▸ What you should do
Reproduce the records exactly through the line with "Myš a podložka".

▸ Records contained in a dataset

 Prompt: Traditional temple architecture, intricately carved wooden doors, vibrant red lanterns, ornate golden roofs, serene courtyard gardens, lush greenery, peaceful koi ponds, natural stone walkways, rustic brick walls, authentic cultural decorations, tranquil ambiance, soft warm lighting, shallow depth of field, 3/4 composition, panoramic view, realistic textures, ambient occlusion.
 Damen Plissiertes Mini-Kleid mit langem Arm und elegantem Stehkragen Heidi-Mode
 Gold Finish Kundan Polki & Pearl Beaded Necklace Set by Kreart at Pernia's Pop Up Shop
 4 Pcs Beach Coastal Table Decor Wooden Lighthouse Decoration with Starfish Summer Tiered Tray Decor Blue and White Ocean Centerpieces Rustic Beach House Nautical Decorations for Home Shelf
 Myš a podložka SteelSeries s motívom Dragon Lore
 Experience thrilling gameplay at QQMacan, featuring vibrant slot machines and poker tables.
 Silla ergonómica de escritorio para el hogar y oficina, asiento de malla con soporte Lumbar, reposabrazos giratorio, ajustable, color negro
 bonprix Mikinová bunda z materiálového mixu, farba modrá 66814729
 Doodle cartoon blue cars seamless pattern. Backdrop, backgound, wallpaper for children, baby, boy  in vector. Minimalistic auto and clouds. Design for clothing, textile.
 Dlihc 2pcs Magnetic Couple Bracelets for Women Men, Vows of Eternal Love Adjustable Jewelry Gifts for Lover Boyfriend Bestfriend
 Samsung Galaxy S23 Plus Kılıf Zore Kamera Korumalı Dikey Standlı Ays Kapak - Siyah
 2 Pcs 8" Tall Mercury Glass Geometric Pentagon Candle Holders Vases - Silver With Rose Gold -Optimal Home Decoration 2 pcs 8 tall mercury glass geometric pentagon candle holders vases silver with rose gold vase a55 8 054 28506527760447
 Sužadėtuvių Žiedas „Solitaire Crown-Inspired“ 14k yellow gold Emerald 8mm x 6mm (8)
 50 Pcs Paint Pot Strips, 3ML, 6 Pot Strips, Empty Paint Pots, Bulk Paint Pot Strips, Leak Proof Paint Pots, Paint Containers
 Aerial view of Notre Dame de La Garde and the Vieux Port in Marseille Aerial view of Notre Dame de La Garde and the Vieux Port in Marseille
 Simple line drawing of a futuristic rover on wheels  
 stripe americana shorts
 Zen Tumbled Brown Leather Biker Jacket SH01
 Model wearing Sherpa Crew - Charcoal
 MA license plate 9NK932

▸ Answer for the task
 Prompt: Traditional temple architecture, intricately carved wooden doors, vibrant red lanterns, ornate golden roofs, serene courtyard gardens, lush greenery, peaceful koi ponds, natural stone walkways, rustic brick walls, authentic cultural decorations, tranquil ambiance, soft warm lighting, shallow depth of field, 3/4 composition, panoramic view, realistic textures, ambient occlusion.
 Damen Plissiertes Mini-Kleid mit langem Arm und elegantem Stehkragen Heidi-Mode
 Gold Finish Kundan Polki & Pearl Beaded Necklace Set by Kreart at Pernia's Pop Up Shop
 4 Pcs Beach Coastal Table Decor Wooden Lighthouse Decoration with Starfish Summer Tiered Tray Decor Blue and White Ocean Centerpieces Rustic Beach House Nautical Decorations for Home Shelf
 Myš a podložka SteelSeries s motívom Dragon Lore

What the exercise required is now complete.